A confused hour or so later, we were back down by the Hudson River, having been directed home by our female wards (Susan stayed behind. She may still be at that bar...). I was ravenously hungry, Ghost was too tired to eat. I drug him along Broadway and up to a pizza joint with a name that was distinctly un-Italian, but the pie was huge and unreal. On the way home, we passed a trio of leggy, waifish girls, and as we turned to sneak one last glance at the blonde one with the milky complexion, the second one tackled the third, and a histrionic, screaming, weave-pulling catfight erupted. A large Latino man tried to intervene, doubtlessly in an attempt to parlay the conflict into a pornographic movie, the reels of which were already spinning in his mental cinema. No such luck. One of the girls chucked her phone at the other. We left.

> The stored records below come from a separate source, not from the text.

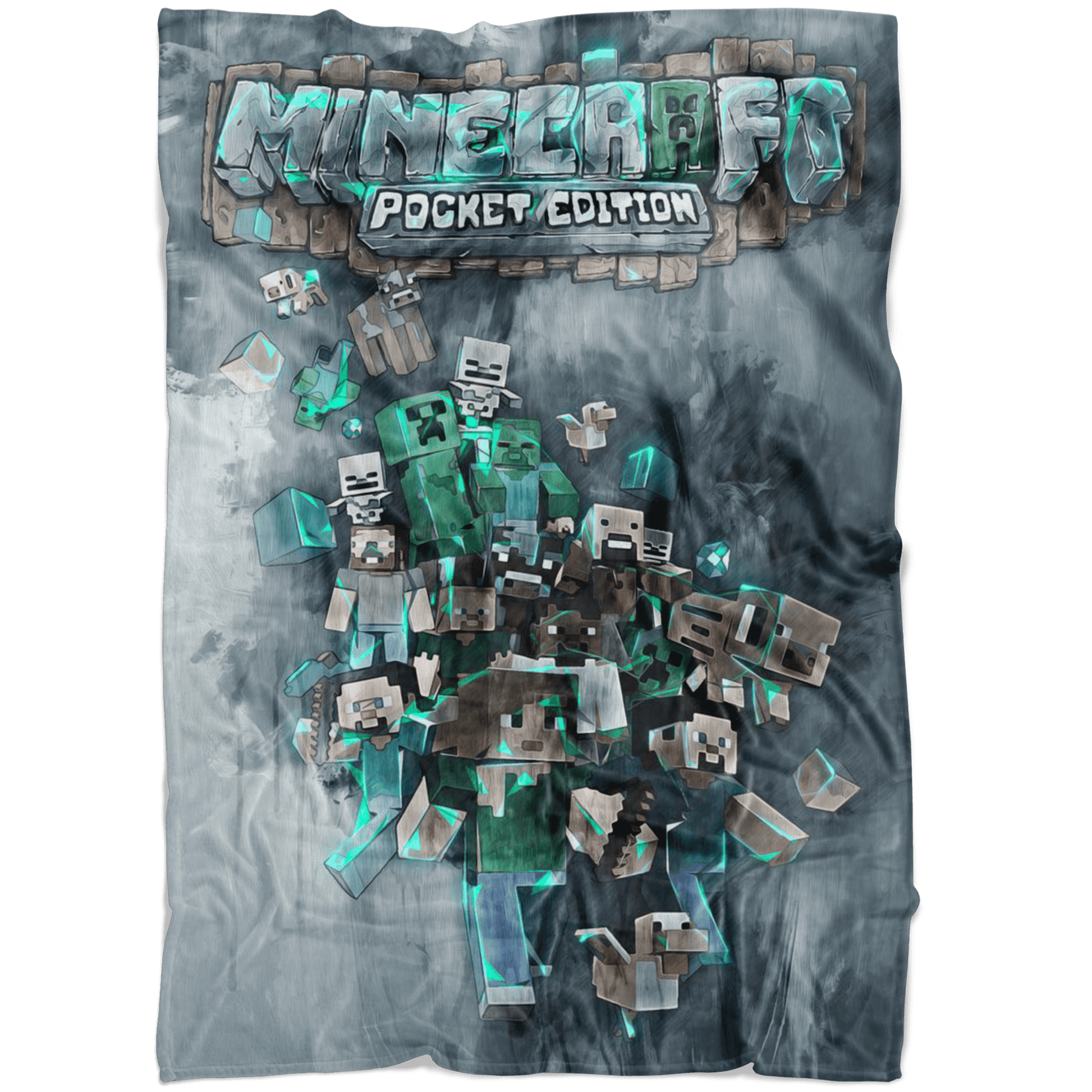 Minecraft Fleece Blanket Flex Grey Blanket - Lusy Store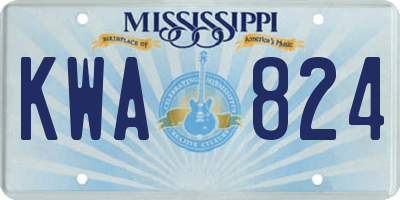 MS license plate KWA824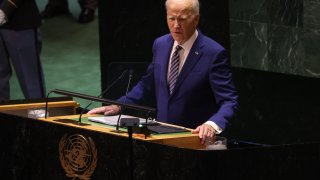 U.S. President Joe Biden addresses world leaders during the United Nations General Assembly in New York City, Sept. 19, 2023.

Sleep came quickly, as it often does at 4:30 AM. One last Sunday morning tube ride (not many churchgoers) yielded a funny encounter with a chunky man of questionable ethnicity, who at the changing of trains, squealed "IT'S THE #3 EXPRESS, N*GGAAAAAAA!!!!" People in New York are interesting.
So ends our tale, devoid sofar of any real insight, as I'd originally intended. A dryer, more academic Part 2 will hopefully take place later this afternoon. Until then, take care.